# Create Balanced Sample from the current training, validation and test list
based on the number of documents in them

In [1]:
import json
import math
import os
import time
from collections import namedtuple
import cPickle as pickle

%matplotlib inline
import matplotlib.pyplot as plt
import numpy as np
import random

from multiprocessing.dummy import Pool as ThreadPool
import itertools


import logging
from logging import info
from functools import partial

from thesis.utils.metrics import *

In [2]:
root = logging.getLogger()
for handler in root.handlers[:]:
    root.removeHandler(handler)
logging.basicConfig(format='%(asctime)s : %(levelname)s : %(message)s', level=logging.INFO) # adds a default StreamHanlder
#root.addHandler(logging.StreamHandler())

In [3]:
#training_file = "/home/local/shalaby/docs_output_sample_100.json"

root_location = "/big/s/shalaby/"
exports_location = root_location + "exported_data/"

doc2vec_model_save_location = os.path.join(root_location, "parameter_search_doc2vec_models_new", "full")

training_file = root_location + "docs_output.json"

doc_classifications_map_file = exports_location + "doc_classification_map.pkl"
classification_index_file = exports_location + "classification_index.pkl"
sections_file = exports_location + "sections.pkl"
classes_file = exports_location + "classes.pkl"
subclasses_file = exports_location + "subclasses.pkl"
valid_classes_file = exports_location + "valid_classes.pkl"
valid_subclasses_file = exports_location + "valid_subclasses.pkl"
classifications_output = exports_location + "classifications.pkl"
training_docs_list_file = exports_location + "training_docs_list.pkl"
validation_docs_list_file = exports_location + "validation_docs_list.pkl"
test_docs_list_file = exports_location + "test_docs_list.pkl"

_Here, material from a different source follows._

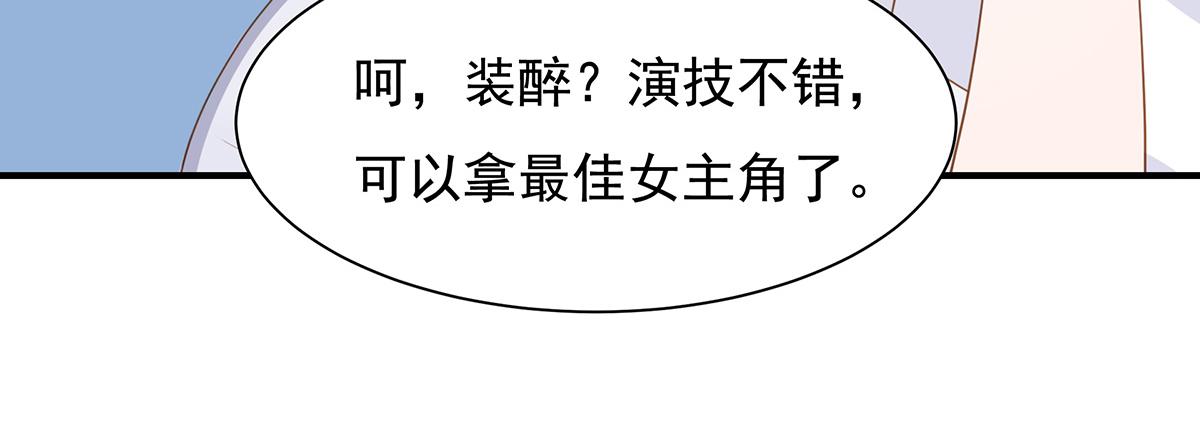 第71话 总裁大叔(1/2)-第71话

preprocessed_location = root_location + "preprocessed_data/"

In [4]:
class OneHotEncoder():
    
    def __init__(self, classifications):
        self.classifications = classifications
        self.one_hot_indices = {}

        # convert character classifications to bit vectors
        for i, clssf in enumerate(classifications):
            bits = [0] * len(classifications)
            bits[i] = 1
            self.one_hot_indices[clssf] = i
    
    def get_label_vector(self, labels):
        """
        classes: array of string with the classes assigned to the instance
        """
        output_vector = [0] * len(self.classifications)
        for label in labels:
            index = self.one_hot_indices[label]
            output_vector[index] = 1
            
        return output_vector

def get_label_data(classifications, doc_ids, doc_classification_map):
    one_hot_encoder = OneHotEncoder(classifications)
    data_labels = []
    for i, doc_id in enumerate(doc_ids):
        eligible_classifications = [clssf for clssf in doc_classification_map[doc_id] if clssf in classifications]
        data_labels.append(one_hot_encoder.get_label_vector(eligible_classifications))
        #if i % 1000 == 0: info(i)
    data_labels = np.array(data_labels)
    return data_labels

In [5]:
%%time
doc_classification_map = pickle.load(open(doc_classifications_map_file))
sections = pickle.load(open(sections_file))
classes = pickle.load(open(classes_file))
subclasses = pickle.load(open(subclasses_file))
valid_classes = pickle.load(open(valid_classes_file))
valid_subclasses = pickle.load(open(valid_subclasses_file))
training_docs_list = pickle.load(open(training_docs_list_file))
validation_docs_list = pickle.load(open(validation_docs_list_file))
test_docs_list = pickle.load(open(test_docs_list_file))
classifications_index = pickle.load(open(classification_index_file))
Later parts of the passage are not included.